Characterization of adducts of ethanol metabolites with cytochrome c

Cytochrome c (cyt c) is found in the mitochondria of all mammalian cells where hydrogen peroxide is produced as a byproduct of the electron transport chain. In the presence of peroxide cyt c generates a ferryl heme and radicals at Tyr residues (Barr et al., 1996).

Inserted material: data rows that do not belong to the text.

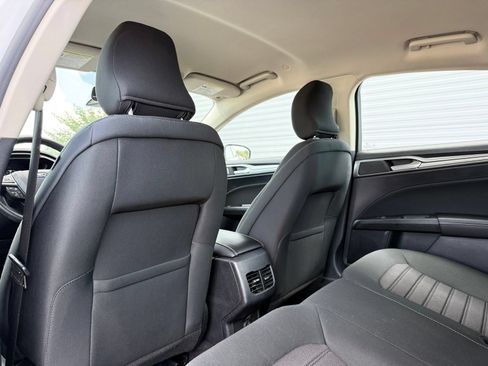 Used 2019 Ford Fusion SE FWD image 16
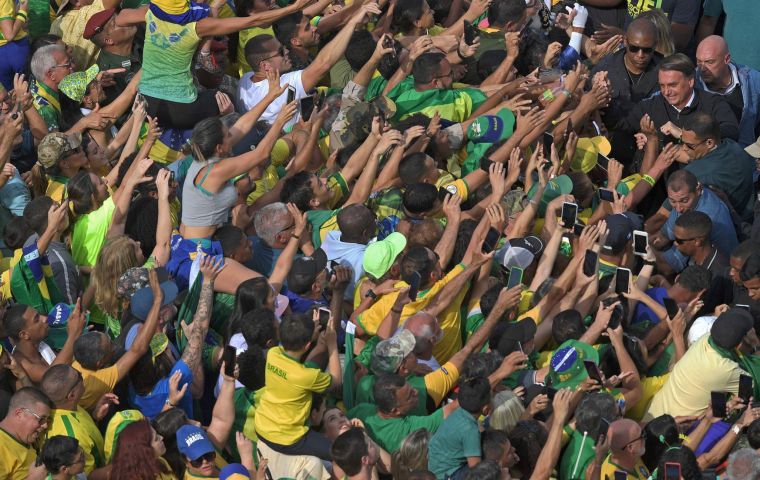 “Estamos aquí porque creemos en nuestro pueblo y nuestro pueblo cree en Dios”, dijo Bolsonaro, que rezó junto a miles de seguidores. Foto: Carl de Souza / AFP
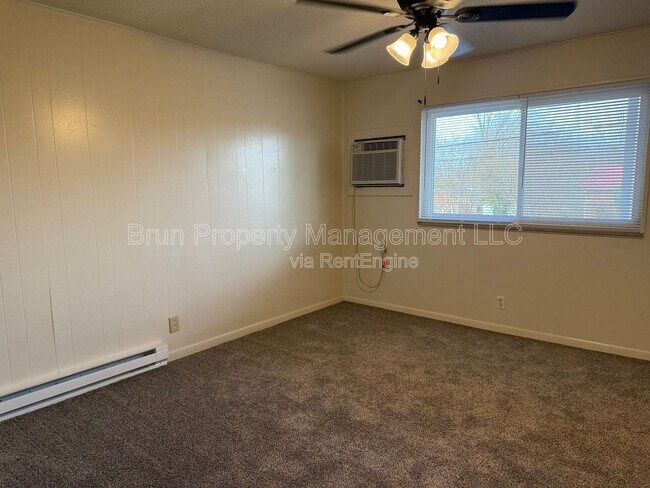 Building Photo - 1420 McArthur Rd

These radicals can be transferred to Trp residues within the protein or to Tyr- and Trp-containing peptides (Deterding et al., 1998). We report that addition of ethanol to this system of cyt c plus peroxide results in replacement of the Tyr/Trp radicals by 1-hydroxyethyl radicals (HER), and covalent binding of up to 10 mol of ethanol per mol of cyt c. In the absence of exogenously added peroxide, ethanol incorporation to cyt c is attained also with a reconstituted system of the ethanol-inducible cytochrome P-4502E1 isozyme. Comparative studies with myoglobin and apomyoglobin suggest that the heme is necessary for ethanol adduction of the protein to occur. Structural analysis by mass spectrometry of the tryptic digestion fractions of adducted cyt c is consistent with several peptides bearing one-to-three acetaldehyde moieties on Lys residues, and three distinct Tyr/ Trp-containing peptides: P[28-53], P[56-73], P[73-91] carrying one-to-two HER. The x-ray crystallographic structure of cyt c shows that the Tyr/Trp residues in the adducted peptides are in close proximity to the heme. In conclusion, our data show that ethanol metabolites alkylate cyt c under oxidative stress and point to HER-Tyr/Trp adducts as plausible markers of alcoholism.